The leaked report states the German government's belief that Ankara has been deliberately financing Islamist and terror organizations with the direct consent of President Recep Tayyip Erdogan, according to the report aired by ARD on Tuesday.
The document written by the Interior Ministry was a confidential answer to a question posed by Die Linke (the Left Party) in the German parliament (Bundestag).
“The numerous affirmations of solidarity and support for the Muslim Brotherhood in Egypt, for Hamas and for armed Islamist opposition groups in Syria by the ruling AKP party and president Erdogan underscore their ideological affinity to their Muslim brothers,” the document states, according to ARD.
The Muslim Brotherhood produced the first Egyptian president elected in free democratic elections after the resignation of aged dictator Hosni Mubarak in 2011. But president Mohammed Morsi was overthrown by the Egyptian military in June 2013.
The Muslim Brotherhood are not considered a terror organization by the EU or the United States.
Hamas are an Islamist militant group which controls the Gaza Strip, a section of Palestinian territory which lies between Israel and Egypt. They are considered a terror organization by the EU and the United States.
Ankara has repeatedly denied it delivers weapons to Islamist militants in Syria.
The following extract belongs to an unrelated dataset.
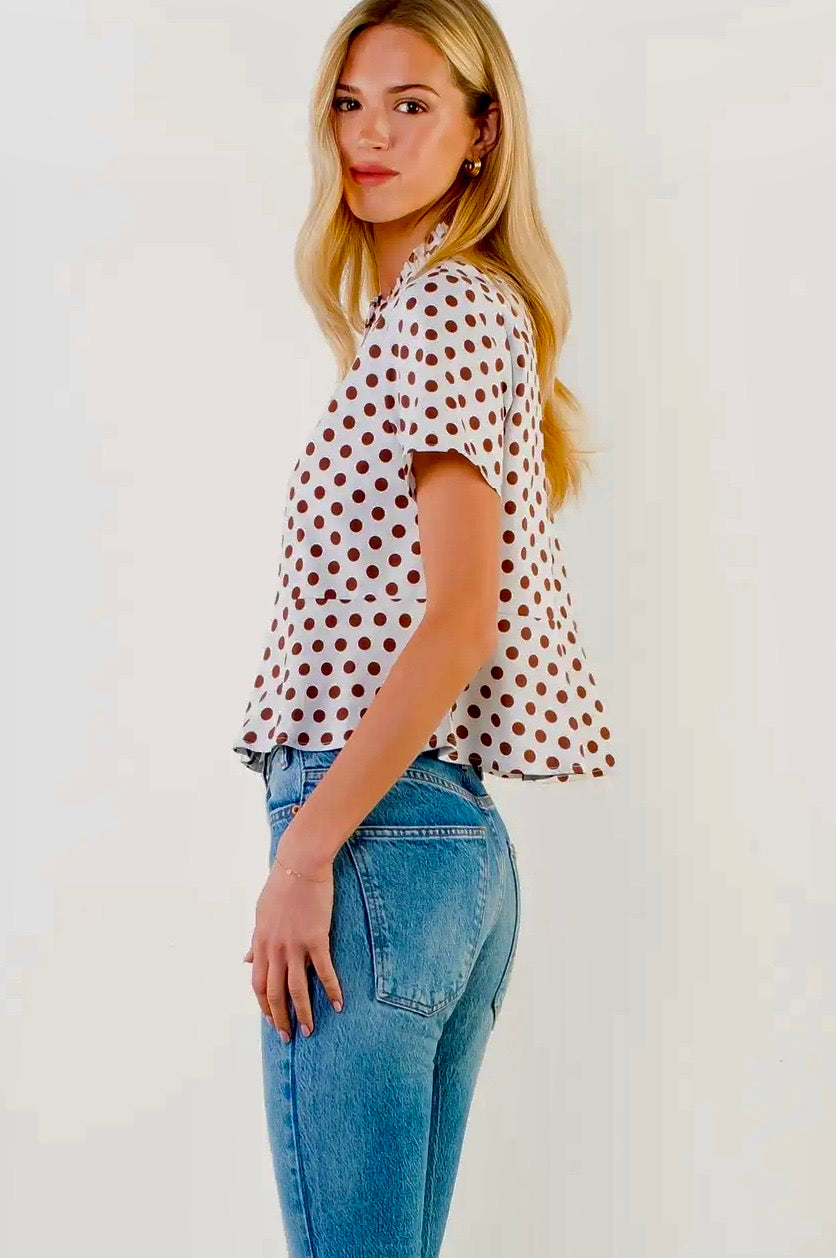 Sailor Polka Dot Button Down Top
But it has a very different attitude to Hamas as that of western states, viewing the group as a legitimate representative of the Palestinian people.
According to Spiegel this is the first time the German government has publicly accused Turkey of having links to Hamas and other Islamist militant groups.
The document also reportedly claims that Ankara has recently deepened its links with these groups.
“As a result of the step-by-step Islamization of its foreign and domestic policy since 2011, Turkey has become the central platform for action by Islamist groups in the Middle East,” the document states, according to ARD.
Relations between Germany and Turkey have soured markedly in recent months after the Bundestag ratified a proposal to recognize the massacres of Armenians by Turkish Ottoman troops in 1915-16 as genocide.
German authorities also recently barred Erdogan from talking via video link to supporters at a rally in Cologne where thousands took to the streets to support the Turkish president after a failed coup in July.
But it does not appear that the German government intended to use this classified document as a means of embarrassing Ankara.
The document stated that a public response to Die Linke's question was not possible “for the welfare of the state.”
It is also not clear to what extent the response had been agreed with the Foreign Ministry.
Foreign Minister Frank-Walter Steinmeier has been cautious in his criticism of Turkey ever since the EU signed a refugee deal with Turkey in March, which has contributed to massively reducing the number of asylum seekers arriving in Germany since a high point at the end of last year.
Germany has the largest Turkish diaspora in the world with roughly three million people of Turkish heritage living in the Bundesrepublik.